Originally Posted by jorgeI
Birdue& Woodie, can you guys shed some light on the Seminole Scouts? The reason I ask, is there's a cemetery in Fort Clark where a lot of them are buried, quite a few recipients of the MOH. We always get up a working party and clean up the graves.

One of the most remarkable and longest sagas in our history; the partnership of the Seminole leader Widcat and the nominal slave Juan Caballo AKA John Horse, a Black guy.

The Black Seminoles in Florida were runaways and their descendants who were allowed to live in Seminole territory paying some tribute in the form of crop yields. There was a lot of intermarriage, Osceola himself said to be a mix of White, Back and Seminole.

Second Seminole War, 1840’s, the Seminoles and their Black Seminole allies fought the US to a standstill. So much so that 500 Black Seminoles, who had recently been at war with the US Government, were actually allowed while still bearing arms, to remove with the Seminoles to Oklahoma.

The pretext was this they were called slaves of the Seminoles.

Things did not go well in the Indian Territory, tribal conflicts between tribes and slave raids on the Black Seminoles by neighboring Creeks who were selling them into actual slavery. 1850’s, the US passed a law forbidding slaves to bear arms, making things worse.

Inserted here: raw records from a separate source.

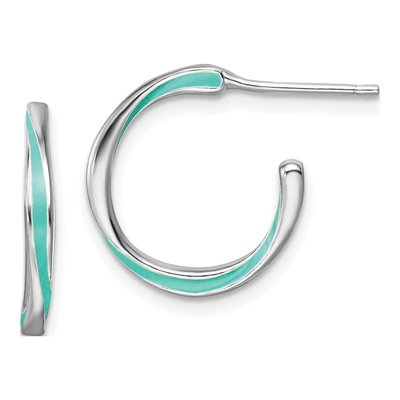 Sterling Silver 18mm Aqua Enamel Hoop Earrings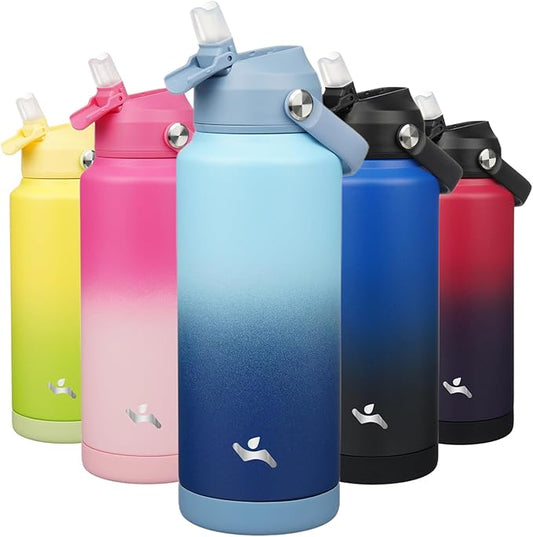 Insulated Water Bottle with Straw Lid,32 oz Stainless Steel Vacuum Metal Bottle with Silicone Handle, Sky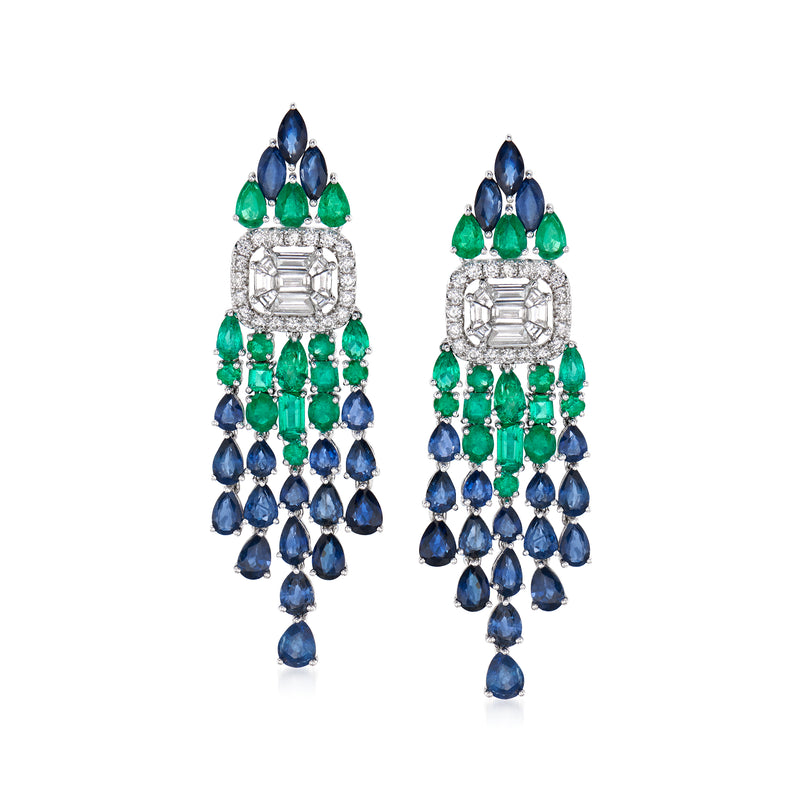 White gold chandelier drop earrings with emerald-green and sapphire-blue gemstones, diamond accents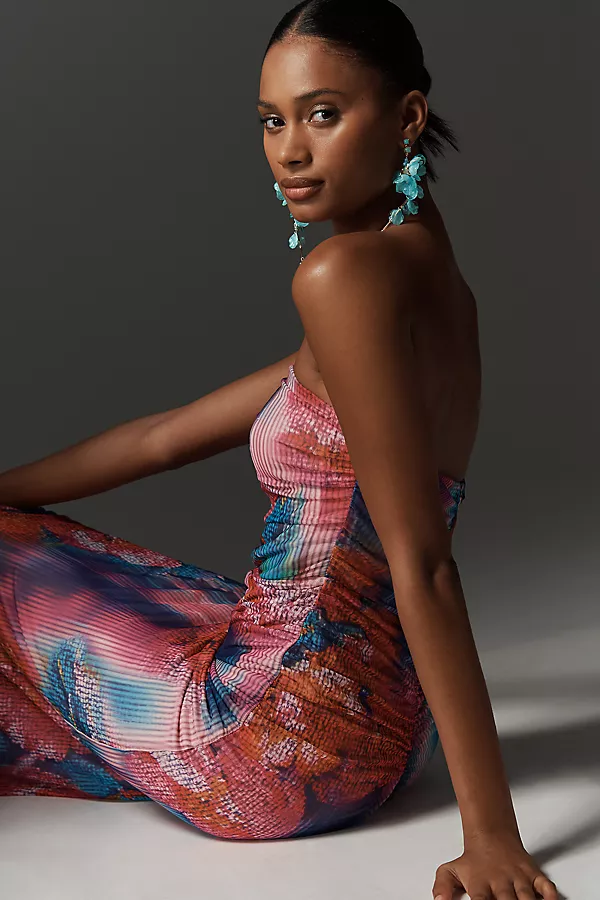 Anthropologie The Soleil Slim Strapless Ruched Mesh Dress Pink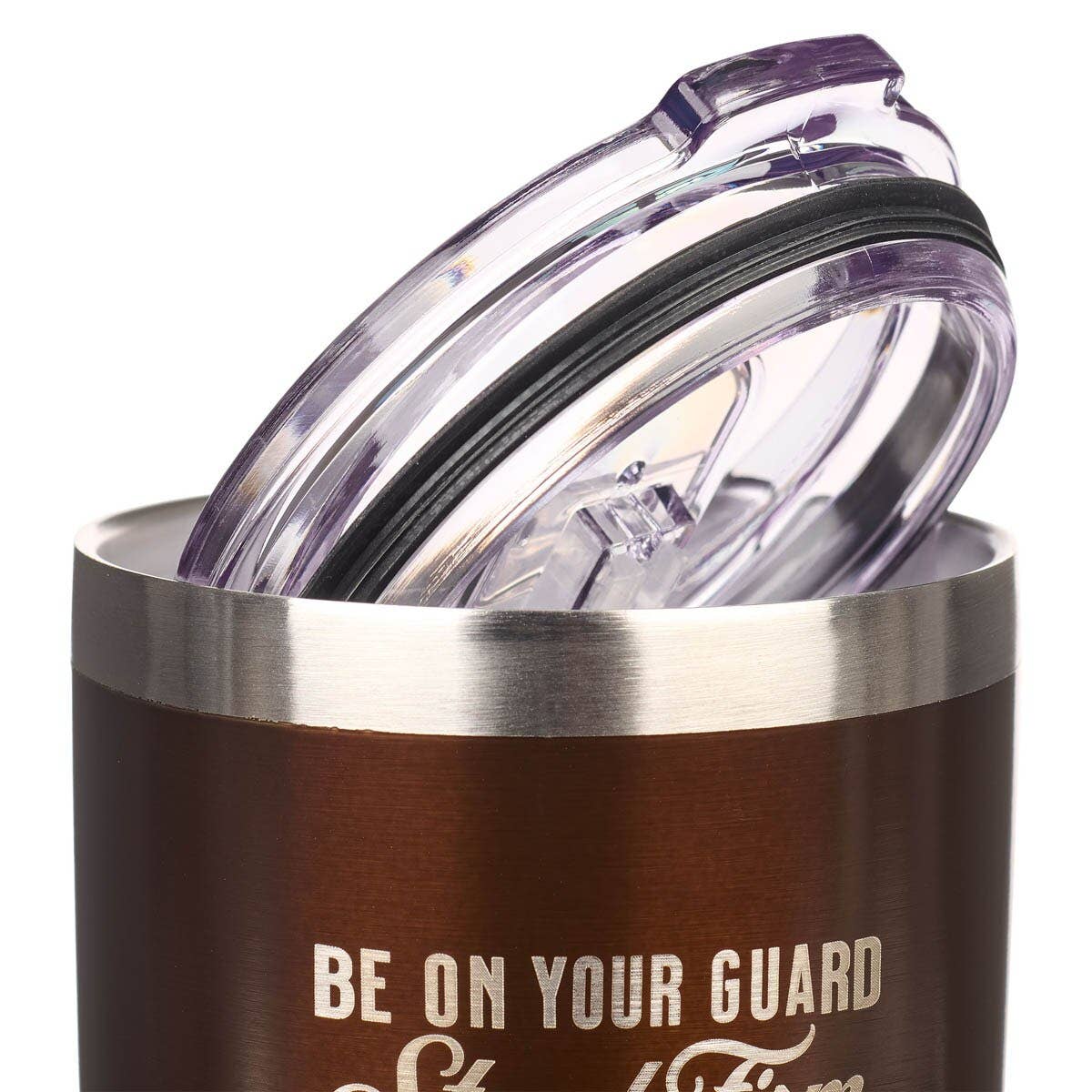 Mug SS Travel Brown Stand Firm in the Faith 1 Cor. 16:13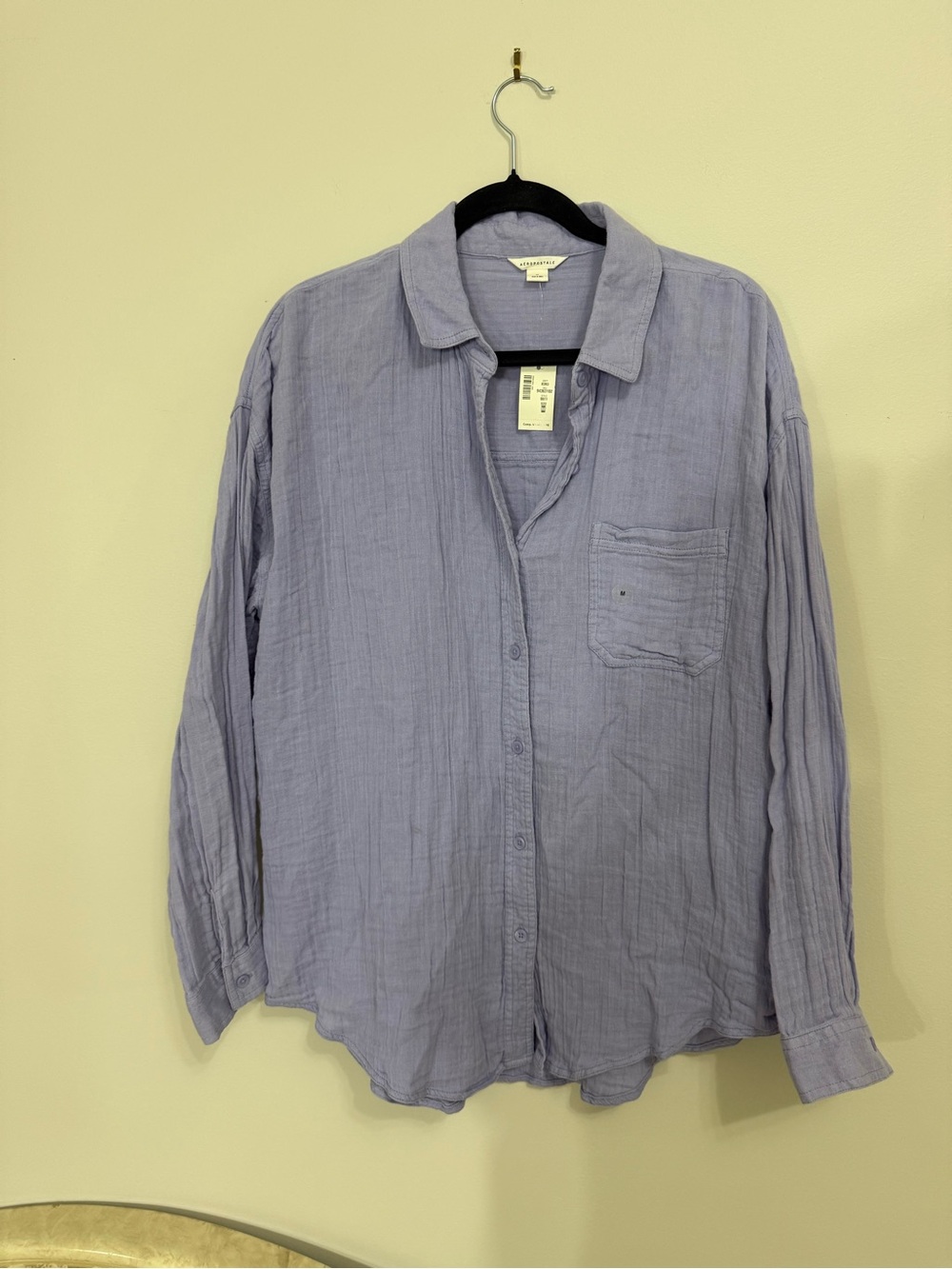 Aeropostale Women’s Size Medium 100% Cotton Gauze Button Up Shirt Relaxed NWT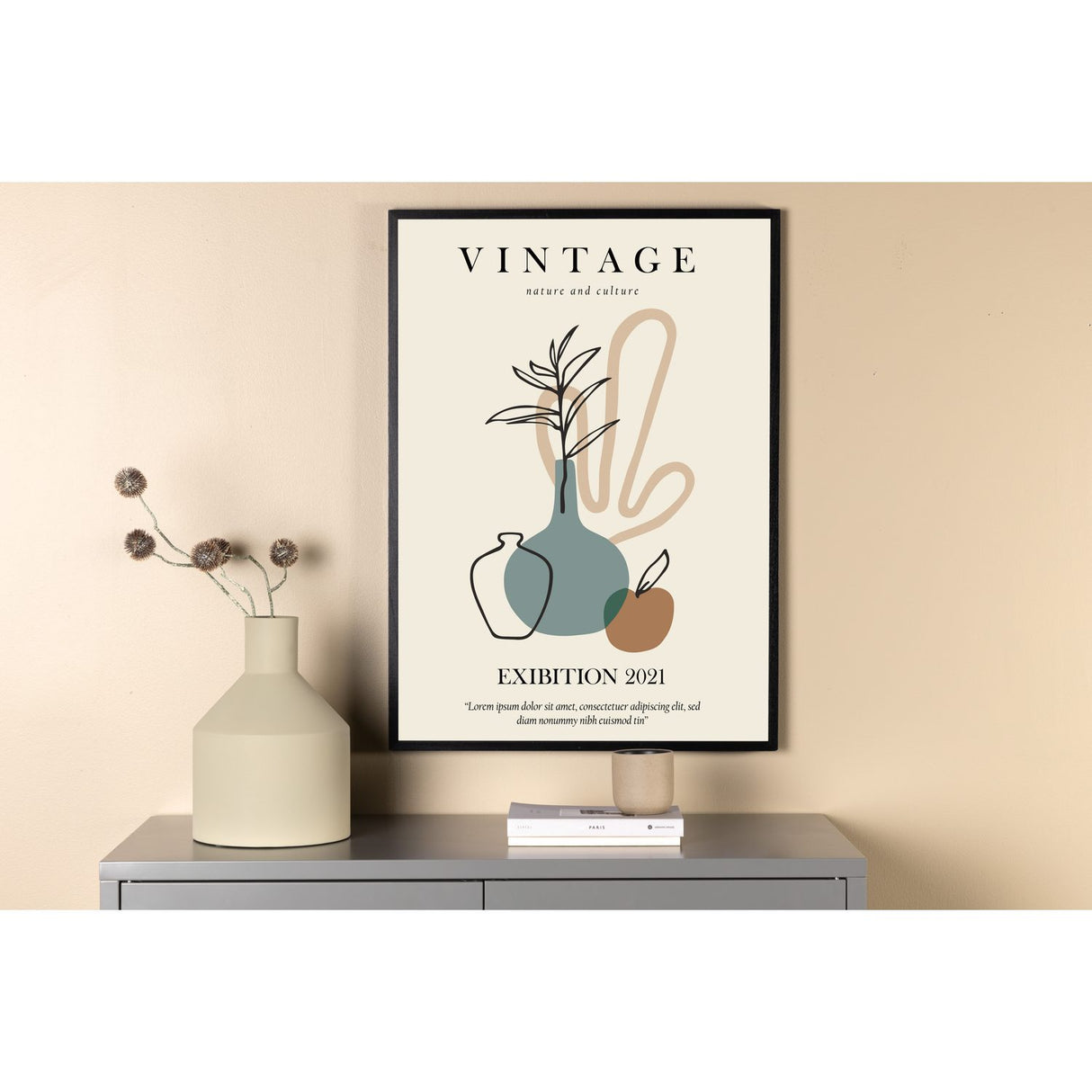 Vintage Poster Beige, 50 x 70 cm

Wildcat and John Horse cut a deal with Mexico; a land grant in Mexico south of Eagle Pass in return for intercepting Indian raids. They did this, in the 1850’s intercepting more Indian raids than did the US Cavalry or Texas Rangers.

1857 Wildcat died of smallpox, most of the Seminoles subsequently returned to the US, the Black Seminoles remained in Mexico.

Twenty years later the US Army is sucking wind for Indian Scouts in Texas, Texas having chased out most all their Indians.

So they contract out to the Black Seminoles, a bunch of whom, including their aging leader John Horse, move up from Mexico and settle around Fort Clark.

Four Medal of Honor winners buried in that little “Seminole Indian Scout Cemetery”, highest per capita rate in the world.